As we’ve seen in recent weeks, professors at Reed hold racial prejudices and biases that often go unnoticed and unchecked. For years, students have pushed for racial bias training for faculty. Students have fought to have the Humanities 110 curriculum include non-Western societies since the 60s. It was not until 2018 that Reedies against Racism and protests by the student body made these necessary reforms happen. By comparing our experiences in Humanities 110, we (Claire and Aakash) realized how little the curriculum has changed in four years when it seemed apparent to Humanities 110 professors in 2019 that the new Humanities 110 pedagogy was problematic and confusing for students. Perhaps we as a student body are no longer fighting the old Humanities 110 monolith, but also the more subtle forms of imperialism and racism that arise from the way the faculty is teaching the new Humanities 110 curriculum. Another prompt for this same paper topic read:
The “Birth of Huitzilopochtli,” Theogony and “Horus and Seth” emphasize the sexual generation of the gods and violence among them. Compare the Aztec origin myth to one of the other two with attention to similarities and differences in how they treat competition and alliance among the gods.

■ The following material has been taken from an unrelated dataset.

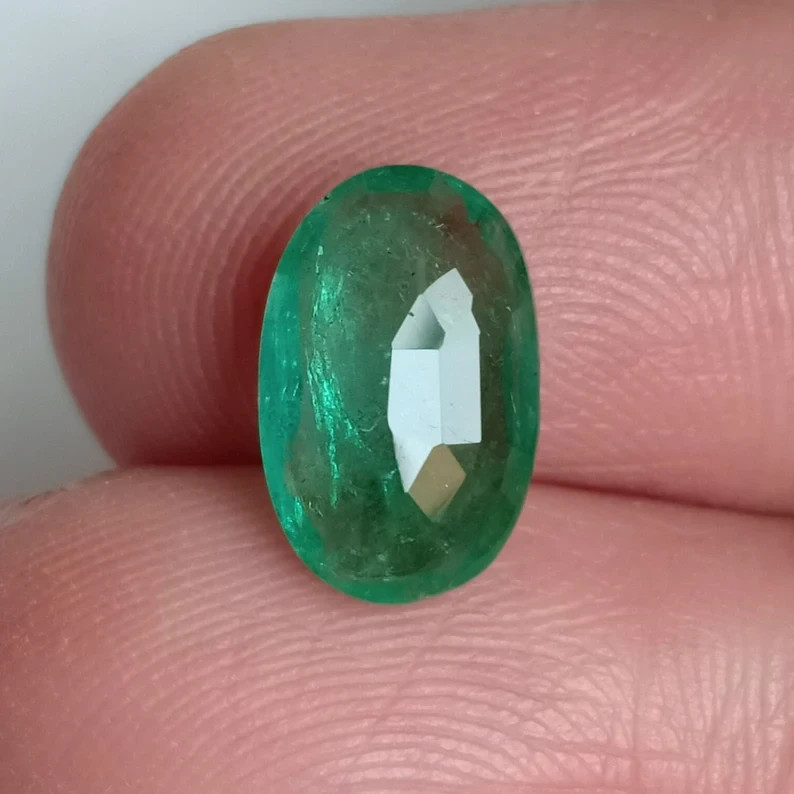 Certified 2.60Ct Medium Green Natural Emerald Oval Loose Gemstone May Birthstone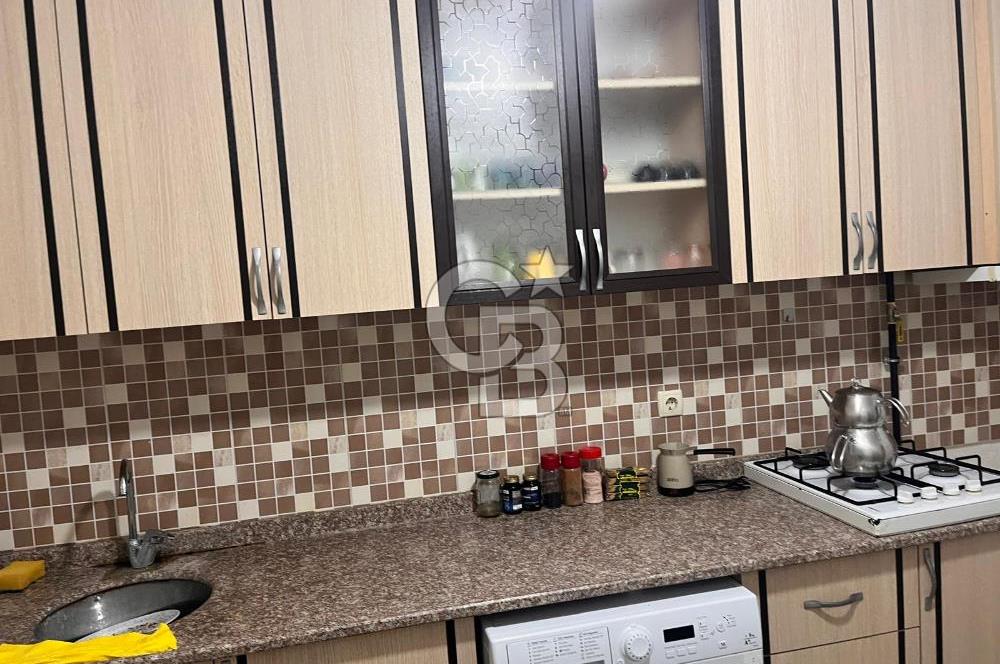 Dutlubahçe de eşyalı kiralık 2+1 katta daire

This prompt asks students to analyze non-Western “mythologies” (an imposed classification) through their comparison to Western mythologies, which further centers Western history and tradition. When Aakash confronted his Humanities 110 conference leader about the prompts, the conference leader responded by saying that my sentiments were the product of “the people you hang around” and asked if Claire was a religion major, referring to the friction between the Religion department and Humanities 110 after the former left the course in 2018. This separation likely resulted in this egregious prompt which rips these texts from their context and assumes the comparability of “gods” from distinct cosmological and social orders. Aakash’s conference leader’s responses were incredibly dismissive of the active harm caused by Humanities 110 and the actual stakes of its pedagogy. Changing a prompt is such a small request. If professors don’t recognize that the prompts they’ve written and sent out to a class of some 500 students are imperialist, how can we trust them to produce an entire curriculum that is respectful and anti-imperialist? If professors are resistant to small-scale reforms, how can we trust that they will change Humanities 110 on a structural level?